Google feels like ours. That simple home page feels personal. If marketers saw that home page, they’d want to throw all kinds of ads around it.

Tap customer conversations for blog content

Lee Odden suggests that customer interaction can be great blog material.

It’s a good idea. Lots of businesses have customer service groups and many of them capture customer conversations in their databases. Why not take the best questions and answers, clean them up and expose them on a blog? So what if it’s the same as an FAQ? This approach is faster and it’ll probably do better on search results.

Add this to your list of successful approaches to blogging that don’t require a lot of time or money.

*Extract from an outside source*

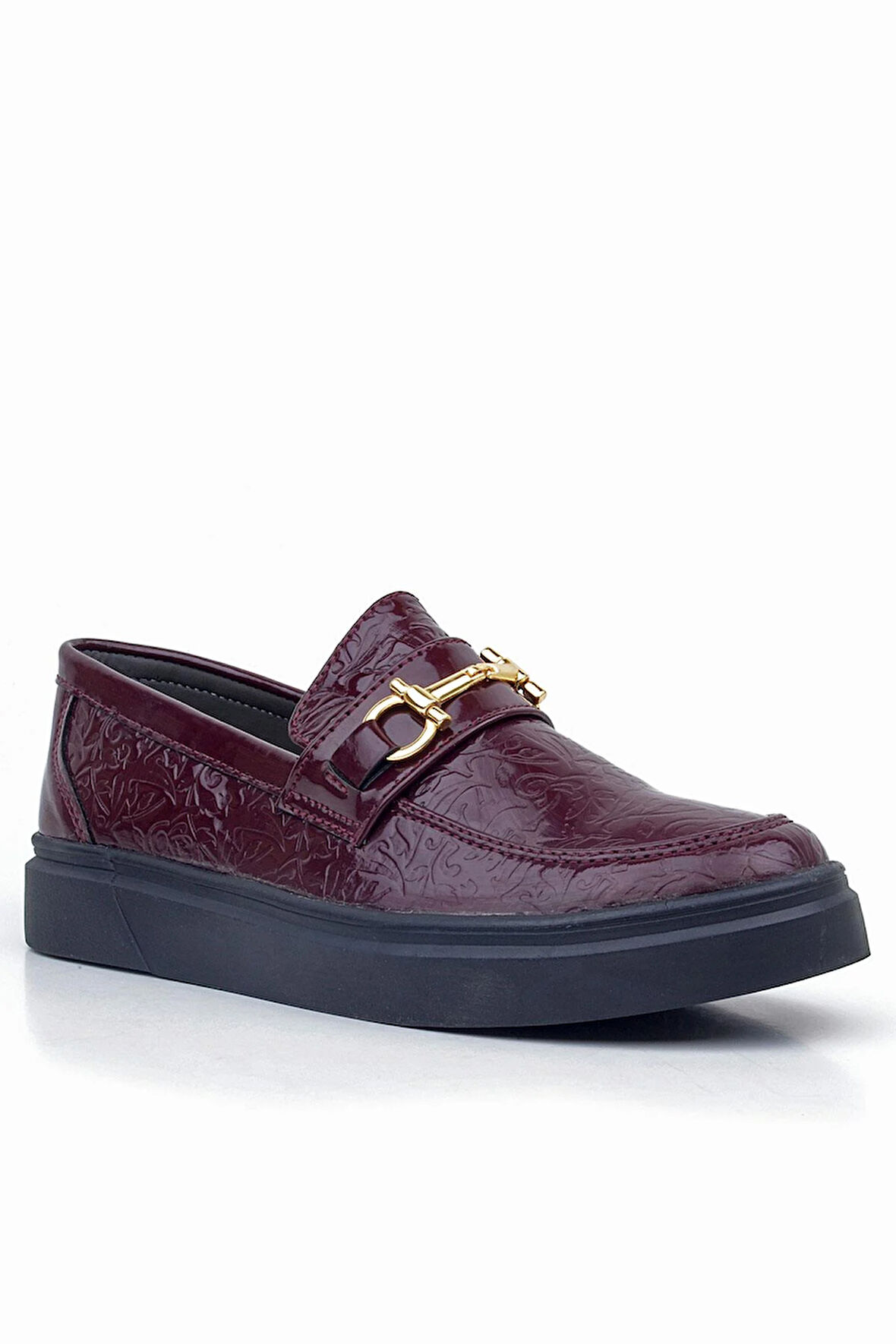 Rakerplus Bordo Tokalı Loafer Çocuk Klasik Ayakkabı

Shady ethics in the blogosphere

Scott Kirsner, former Boston Globe writer, has a thoughtful piece on disclosure in the blogosphere. He points out the ethical dilemmas posed by business’ efforts to court bloggers with free stuff and even cash payments for positive coverage. There is no code of ethics in the blogosphere, of course, outside of perhaps the Cluetrain Manifesto, so it’s up to the readers to decide whom to believe.

Personally, I believe this issue will work itself out at the grass roots level. Look at Engadget and BoingBoing, which are two of the most popular and successful blogs. They need to uphold high standards or their audiences would quickly desert them. The same holds true at less-popular titles. The blogosphere is self-policing, and any popular blogger who tries to deceive his or her audience will be quickly smoked out. Once you get a reputation for shady ethics, it’s very difficult to recover. Any blogger who wants to build a long-term franchise will be very careful not to cross that line.

There will always be con men in social media, but their influence will be limited. The readers will see to that.